Cut it out, Disney
Once upon a time, Walt Disney Studios was a dream factory for little kids, producing classic films and cartoons filled with magic and imagination. Then one day they decided, screw it, let’s harvest all our old cartoons and just turn them into live action films. Hooray!
Hence comes Walt Disney Studio’s announcement earlier this week that they were working on a remake of the 1994 classic The Lion King.
This film comes off the heels of this summer’s star-studded, live action The Jungle Book, which had a budget of $175 million and went on to make more than five times that amount with $965.8 million at the box office. We’re not 100 percent sure how that happened, since the trailer was just a montage of celebrities as creepy, computer-generated animals (Christopher Walken as a giant gorilla? That’s the stuff of nightmares).
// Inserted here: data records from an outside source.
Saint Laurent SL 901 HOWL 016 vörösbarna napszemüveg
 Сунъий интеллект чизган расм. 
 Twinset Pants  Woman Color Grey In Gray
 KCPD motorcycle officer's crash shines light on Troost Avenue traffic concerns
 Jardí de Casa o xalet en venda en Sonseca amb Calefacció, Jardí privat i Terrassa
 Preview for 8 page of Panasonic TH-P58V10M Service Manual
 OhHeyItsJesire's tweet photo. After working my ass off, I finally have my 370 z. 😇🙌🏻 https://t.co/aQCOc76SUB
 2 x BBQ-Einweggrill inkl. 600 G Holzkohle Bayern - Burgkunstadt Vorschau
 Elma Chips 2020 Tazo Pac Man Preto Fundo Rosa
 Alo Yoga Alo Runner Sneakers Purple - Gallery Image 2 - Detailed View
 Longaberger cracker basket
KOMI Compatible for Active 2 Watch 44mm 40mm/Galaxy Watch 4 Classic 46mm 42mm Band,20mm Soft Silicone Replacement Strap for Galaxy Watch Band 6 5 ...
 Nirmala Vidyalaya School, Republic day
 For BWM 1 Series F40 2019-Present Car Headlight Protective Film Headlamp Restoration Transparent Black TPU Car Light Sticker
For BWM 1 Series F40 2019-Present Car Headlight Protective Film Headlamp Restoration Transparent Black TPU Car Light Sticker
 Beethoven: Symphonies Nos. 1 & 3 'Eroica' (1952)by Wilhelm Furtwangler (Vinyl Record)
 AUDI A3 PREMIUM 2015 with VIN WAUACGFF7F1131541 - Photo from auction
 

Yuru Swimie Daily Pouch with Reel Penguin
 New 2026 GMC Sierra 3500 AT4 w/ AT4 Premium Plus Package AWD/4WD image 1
But basically Disney is just printing money without trying (i.e., any big corporation’s business goal). And they have plenty more money to look forward to with plans for a live action Beauty and the Beast, Little Mermaid and completely unnecessary sequel to The Jungle Book. (Great, more Christopher Walken gorilla nightmares.)
The only silver lining to be gleaned is that hopefully Disney will make a live-action Mickey Mouse movie. We’ll be taking bets on which will be the most terrifying cartoon character come to life. We’re thinking it’ll be a three-way tie between Mickey, Donald Duck and Goofy. No matter the winner, it’ll surely be a hit.
Time to herd cats
Have you ever seen a cat being walked down the sidewalk on the street and thought, “Well, that’s ridiculous”? Or have you ever seen a stray cat wondering in the alley and thought, “Well, that cat should be on a leash”?
If the first scenario is more your style, then stop thinking about moving to Kenai, Alaska. If the second scenario rings true for you, consider moving to… Kenai, Alaska.
Due to increasing resident complaints about free roaming cats, Kenai City Councilmembers are considering expanding the local animal-restraint ordinance to include feline pets. If it passes, the ordinance will require all Kenai dwellers to “restrain” their cats by means of leash, fence or building. Nevermind the age-old adage, “it’s like herding cats.” There’s a reason that expression means an impossible task. We can see it now. Not only will cats in Kenai still be roaming free, the non-cat owning citizens will start complaining about the plethora of humans running through neighborhoods, back alleys and streets with leashes in their hands, tearing out their hair trying to catch their feline friends before being slapped with an ridiculous fine.
And to think, we were just talking in the Boulder Weekly office about how much cheaper cats are to care for. They are independent, can let themselves outside, don’t need to be walked, hardly get into any mischief. Here goes that theory. Maybe we should go into the cat accessory business, creating a new line of cat “restraints” that are both cute and meet the utmost requirements of the law.